PROBLEM STATEMENT
Your answer should consist only of the lines below from the one with "Sapatos de enfermagem" through the one with "Mug Rose rose avec aquarelle orange (Droite)", copied exactly.

EXCERPTED RECORDS
■ ■ ■ ■ ■ ■ ■

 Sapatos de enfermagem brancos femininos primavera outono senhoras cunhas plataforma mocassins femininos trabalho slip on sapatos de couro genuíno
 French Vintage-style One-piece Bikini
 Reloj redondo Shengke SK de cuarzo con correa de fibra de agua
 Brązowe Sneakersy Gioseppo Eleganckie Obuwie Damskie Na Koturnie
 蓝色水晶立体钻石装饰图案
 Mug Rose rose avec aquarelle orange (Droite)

■ ■ ■ ■ ■ ■ ■

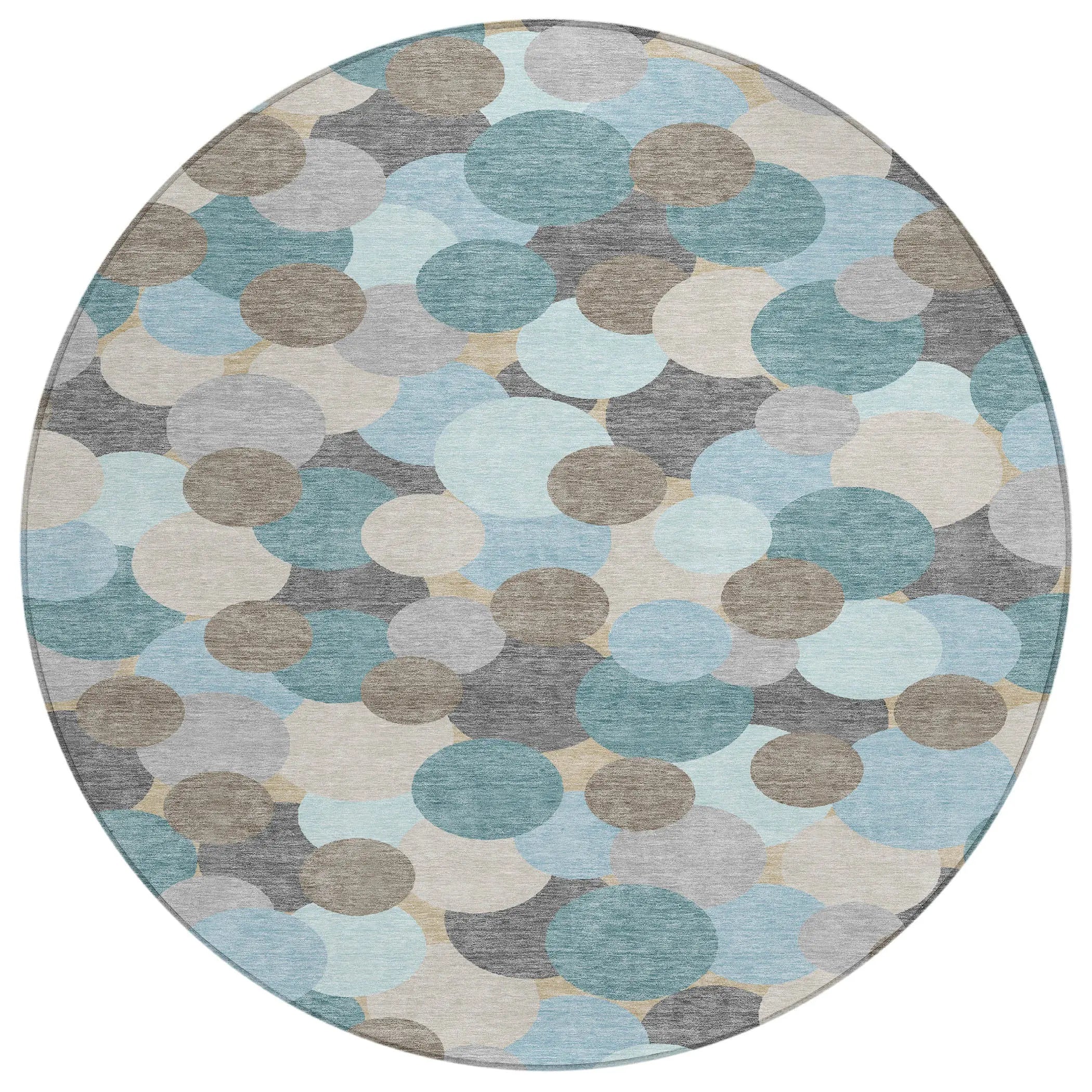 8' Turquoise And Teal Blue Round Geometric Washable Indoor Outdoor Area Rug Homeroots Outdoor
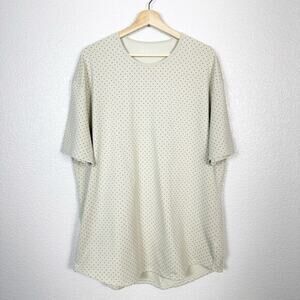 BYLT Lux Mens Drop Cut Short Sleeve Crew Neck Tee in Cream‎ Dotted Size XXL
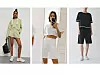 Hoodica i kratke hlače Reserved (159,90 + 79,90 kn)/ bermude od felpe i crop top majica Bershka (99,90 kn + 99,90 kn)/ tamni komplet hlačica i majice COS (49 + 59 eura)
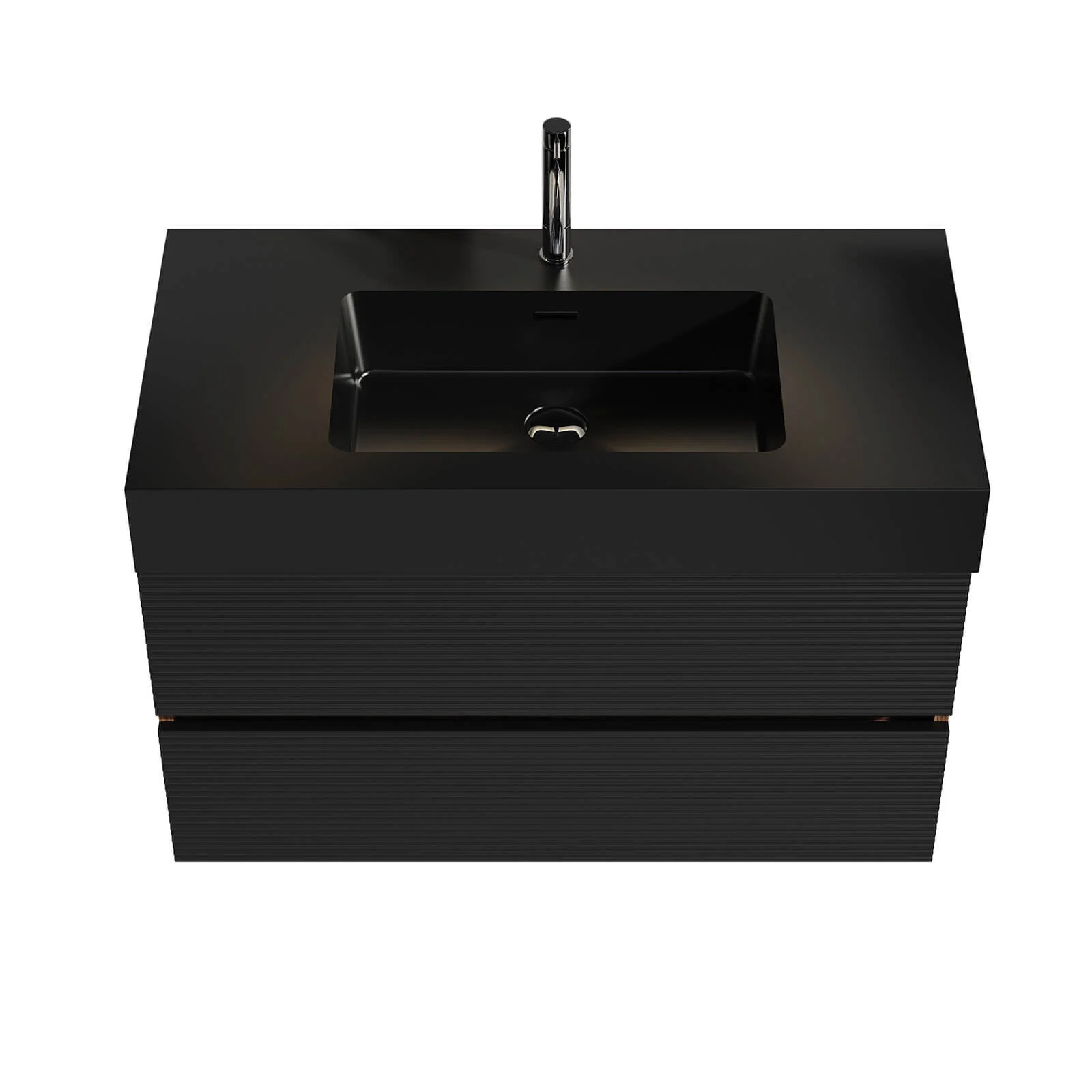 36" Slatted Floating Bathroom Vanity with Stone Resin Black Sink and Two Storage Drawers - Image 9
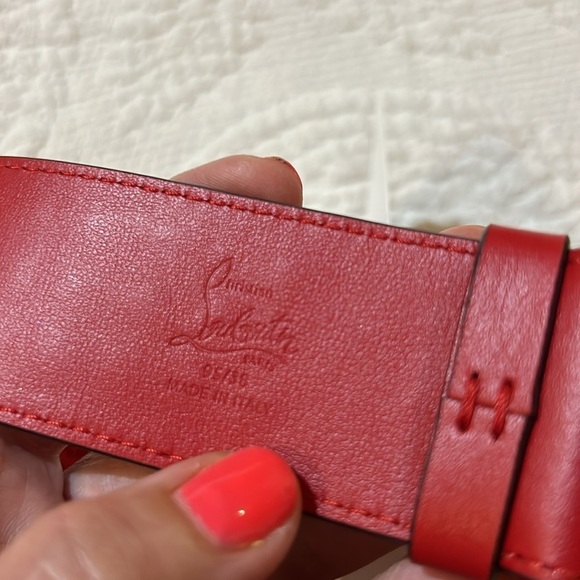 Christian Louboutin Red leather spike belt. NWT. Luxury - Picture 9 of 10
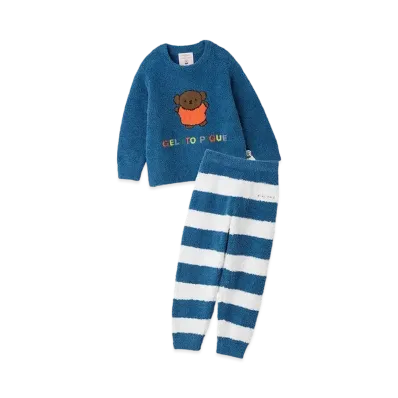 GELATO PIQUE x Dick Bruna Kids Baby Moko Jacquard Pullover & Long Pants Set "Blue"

■ ■ ■ ■ ■ ■ ■

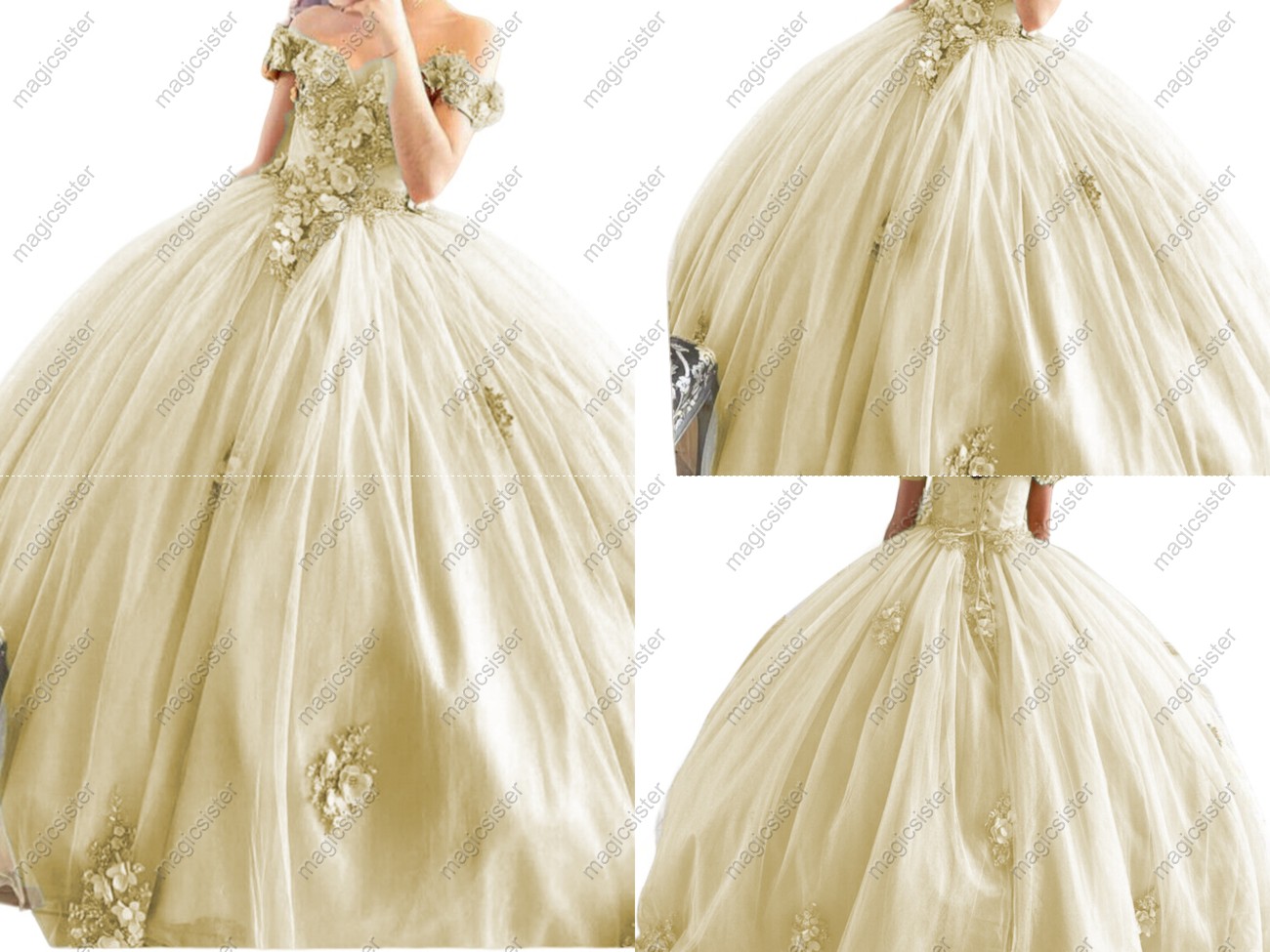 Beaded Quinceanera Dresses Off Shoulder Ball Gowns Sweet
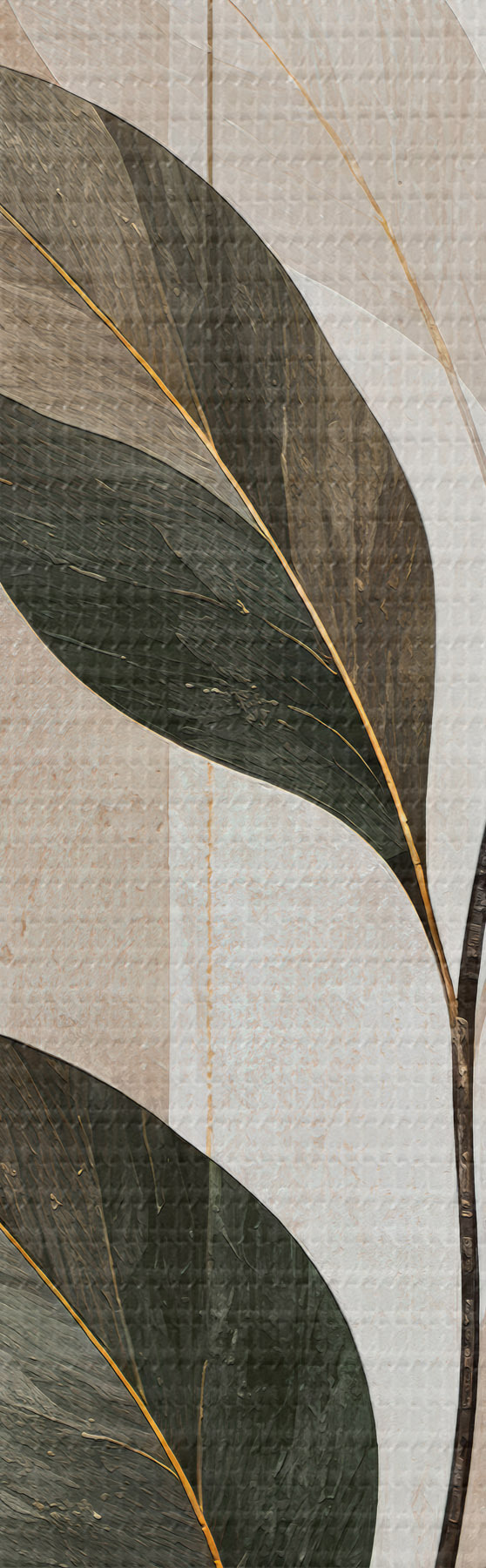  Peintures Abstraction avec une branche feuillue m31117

■ ■ ■ ■ ■ ■ ■

WRITTEN REPLY
 Sapatos de enfermagem brancos femininos primavera outono senhoras cunhas plataforma mocassins femininos trabalho slip on sapatos de couro genuíno
 French Vintage-style One-piece Bikini
 Reloj redondo Shengke SK de cuarzo con correa de fibra de agua
 Brązowe Sneakersy Gioseppo Eleganckie Obuwie Damskie Na Koturnie
 蓝色水晶立体钻石装饰图案
 Mug Rose rose avec aquarelle orange (Droite)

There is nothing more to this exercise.